Vivemos um tempo que se caracteriza por uma inexorável demanda de emergência que nos cega, nos impele para as ações mais imediatas que, embora reconhecidamente de prementes necessidades, parece fazer-nos esquecer as verdadeiras causas da pobreza que já tínhamos e da que estamos a criar a cada dia que passa. Este estado de emergência é altamente perigoso. Este estado de emergência está a proporcionar e a patrocinar um retrocesso civilizacional ao mais primário e desregulamentado assistencialismo, que desvaloriza os mais básicos pressupostos científicos sobre a pobreza. E, os mais prejudicados, de novo, são os mais pobres. Regressa a ideia de que pobre é quem não tem o que comer. E é com base nestes falsos pretextos que as “políticas” estão a ser construídas.
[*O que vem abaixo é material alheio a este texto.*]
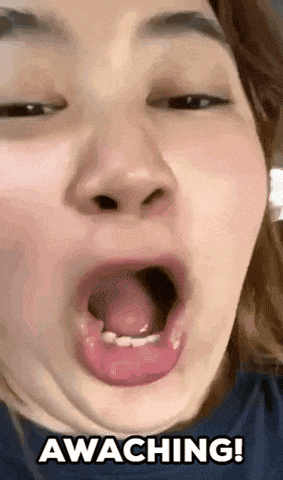 a woman is making a funny face with her mouth open and the words awaching written on the bottom .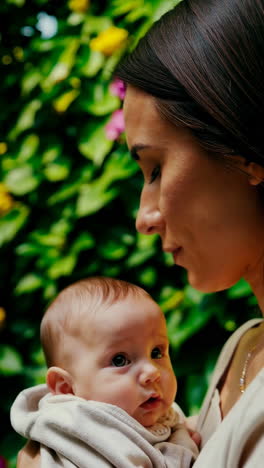 a mother and baby sharing tender moments outdoors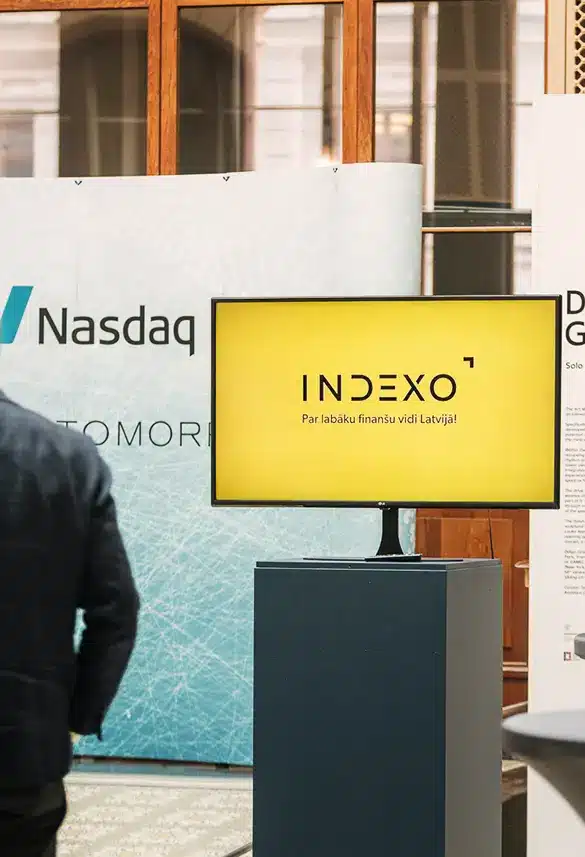 A monitor displays INDEXO next to a Nasdaq banner at an indoor event or conference.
É aqui que se enquadra uma “preferência” pela emergência social, armadilha em que as próprias organizações sociais estão a cair. A emergência não pode dispensar a justiça nem a caridade substituir os direitos.
Não nos podemos distrair com a aparente “agenda da emergência” e esquecer que existe outra. Se é verdade que o deficit económico é muito importante, se calhar deveríamos estar tão ou mais preocupados com o deficit democrático.
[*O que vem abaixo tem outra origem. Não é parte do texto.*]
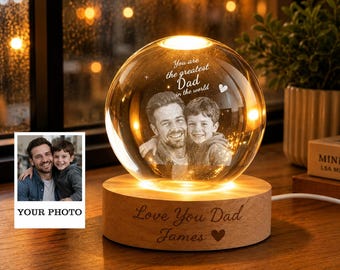 Puede incluir: Una esfera de cristal personalizada con una foto de un padre y un niño en su interior. La esfera se apoya en una base de madera con el texto "Love You Dad James" y un corazón. La esfera también tiene el texto "You are the greatest Dad in the world."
A governação europeia, hoje uma governação quase estritamente económico-financeira, está assente nos objetivos da Estratégia Europa 2020. Em relação ao combate à pobreza, sabemos que tal acordo é parco de ambições e, acima de tudo, é parco de estratégia. Declarou-se o objetivo de reduzir a pobreza em 20 milhões de pessoas até 2020. Mas tal acordo não inclui métodos ou objetivos comuns e os Estados-Membros deverão, cada um por si, e de acordo com as suas próprias visões e prioridades, contribuir para atingir este objetivo. O seguimento de tais objetivos é feito pela sua inscrição em Planos Nacionais de Reforma anuais (revistos semestralmente).
Se sabemos que tais Planos Nacionais de Reforma estão quase exclusivamente concentrados nos objetivos económicos – atualmente focados na redução dos défices públicos – são no entanto os únicos instrumentos de projeção de intenções que existem e que podem ser monitorizados em termos do seu progresso na obtenção de resultados. Ou seja, no plano político, são os únicos instrumentos onde se podem inscrever e programar compromissos de combate à pobreza e onde a sociedade civil pode participar como ativo contribuinte para a solução dos problemas.
Ora, o que é que é muito grave? É que os Estados-Membros que se encontram a cumprir memorandos de entendimento tripartidos (Banco Central Europeu, Comissão Europeia e FMI) foram “dispensados” de produzir tais documentos. As atuais linhas de orientação para a produção dos Planos Nacionais de Reforma 2012, que deverão ser entregues à Comissão Europeia até meados de Abril, afirmam explicitamente esta decisão. O que é que isto quer dizer? Que Portugal se encontra afastado das principais decisões europeias! E os cidadãos portugueses impedidos de participar nesse processo e de fazer ouvir a sua voz. Isto é totalmente inaceitável. E é incompreensível como é que tal decisão seja totalmente desconhecida por parte dos cidadãos.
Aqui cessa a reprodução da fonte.